Monday, November 29, 2010

Blink

I decided to take a one book break from the Small Group ministry books I've read of late. I picked up Malcolm Gladwell's Blink: the Power of Thinking without Thinking. Gladwell authored the wildly successful The Tipping Point.





Blink is a good book filled with Gladwell's argument and then a lot of anecdotal stories to illustrate his points. He further seasons the work with some psychological and behavioral research.





The basic argument is that in complex decisions, more information leads us to make poor choices, if we can make any choice at all. Go with the gut and act seems to be the maxim. He frames this by acknowledging that we do need to think through some decisions, those decisions are more likely to be of a simpler nature. We have access to so much information in this age that the additional data doesn't serve us well--we can't process it and it is often contradictory in nature. Rather than lead us to informed decisions, we end up informed but in stasis--information overload in other words.
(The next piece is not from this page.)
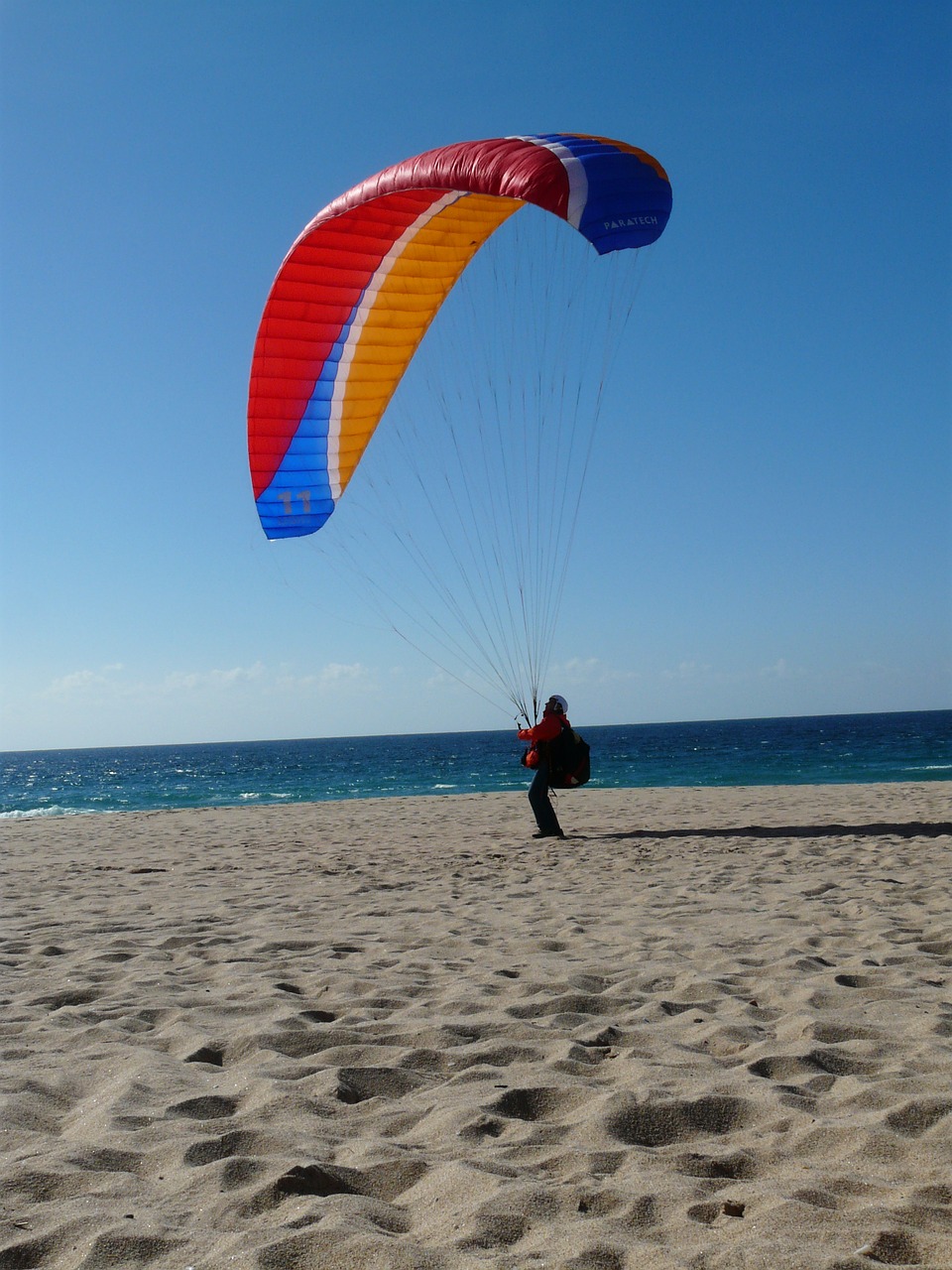 paragliding beach sea free photo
For my own part, my gut is usually right about things, though often I make experience prove that intuition. One drawback to this approach is that we can't answer 'why' when we follow our gut. Gladwell admits this but argues that we don't usually know why when use something other than our gut. He argues that, while we can't control our first instinct, to better utilize our gift for instant preferences, we should provide better parameters and avoid stereotypes or cultural biases.





Easier said than done. If you are looking for an interesting and easy, but not life altering read, this book is for you.